━━━ SUPPLIED RECORDS ━━━
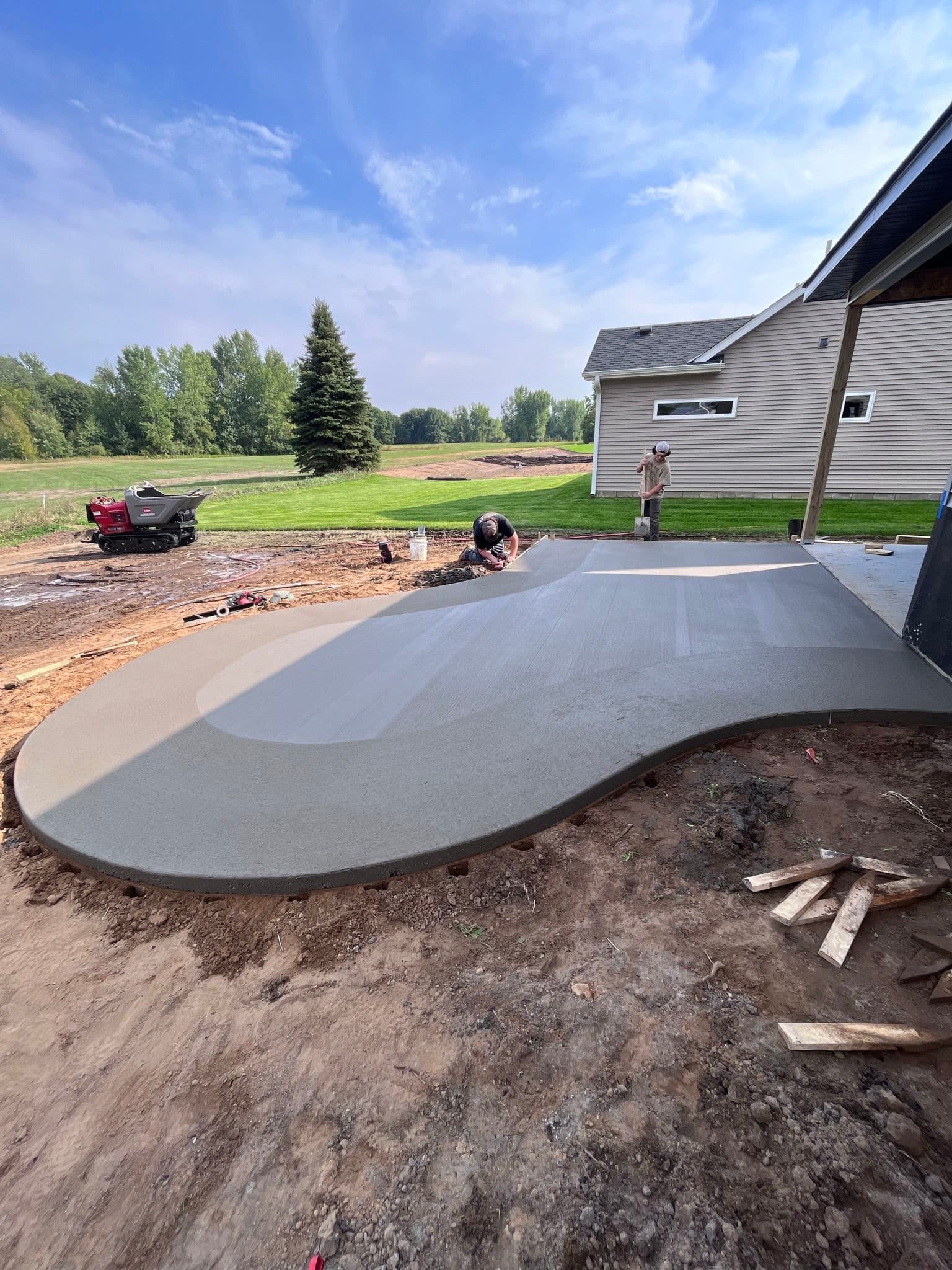 Gallery photos for Expertly Crafted Concrete Patios for Homes in Minnesota: Image #17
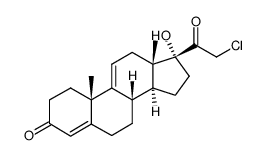 21-Desacetoxy-21-Chloro Anecortave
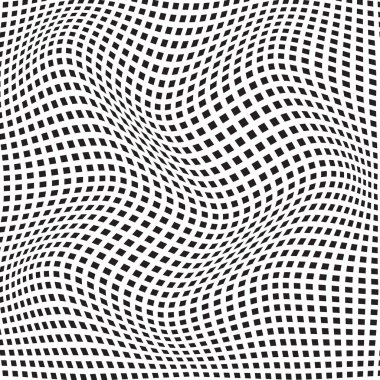 soyut geometrik vektör desenli sanat çizimi.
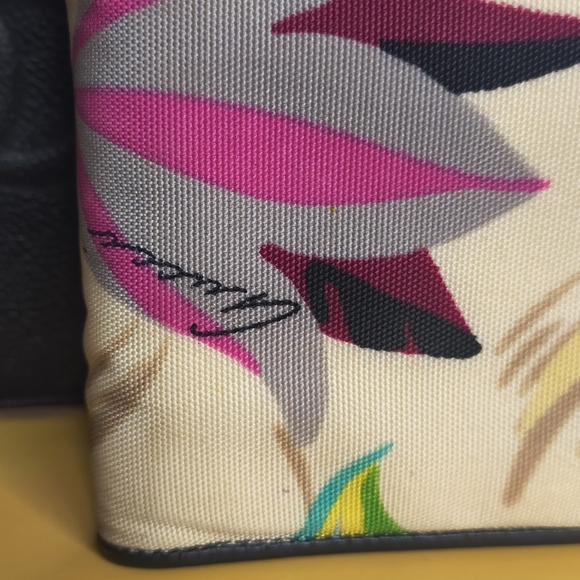 Gucci Vintage Floral Leather 6-Ring Agenda Organizer (Personal Size) - Picture 4 of 8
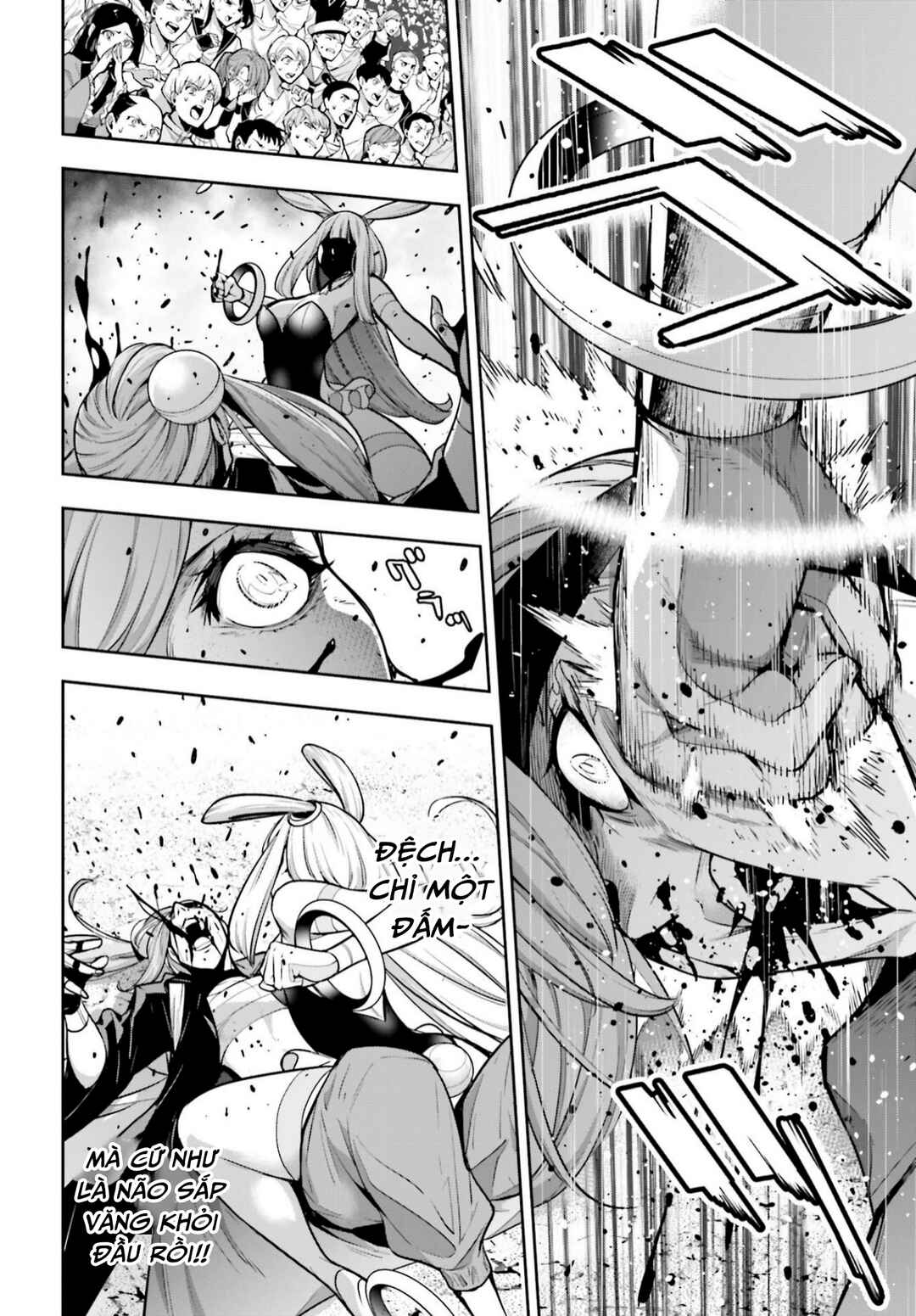 Majo Taisen - 32-nin no Isai no Majo wa Koroshiau Chapter 36 - Page 14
━━━
### WHAT YOU NEED TO DO:
Exact lines, nothing more: output the one with "21-Desacetoxy-21-Chloro Anecortave" and every later line through the end of the data, skipping pictures.

### ANSWER SECTION:
 21-Desacetoxy-21-Chloro Anecortave
 soyut geometrik vektör desenli sanat çizimi.
 Gucci Vintage Floral Leather 6-Ring Agenda Organizer (Personal Size) - Picture 4 of 8
 Majo Taisen - 32-nin no Isai no Majo wa Koroshiau Chapter 36 - Page 14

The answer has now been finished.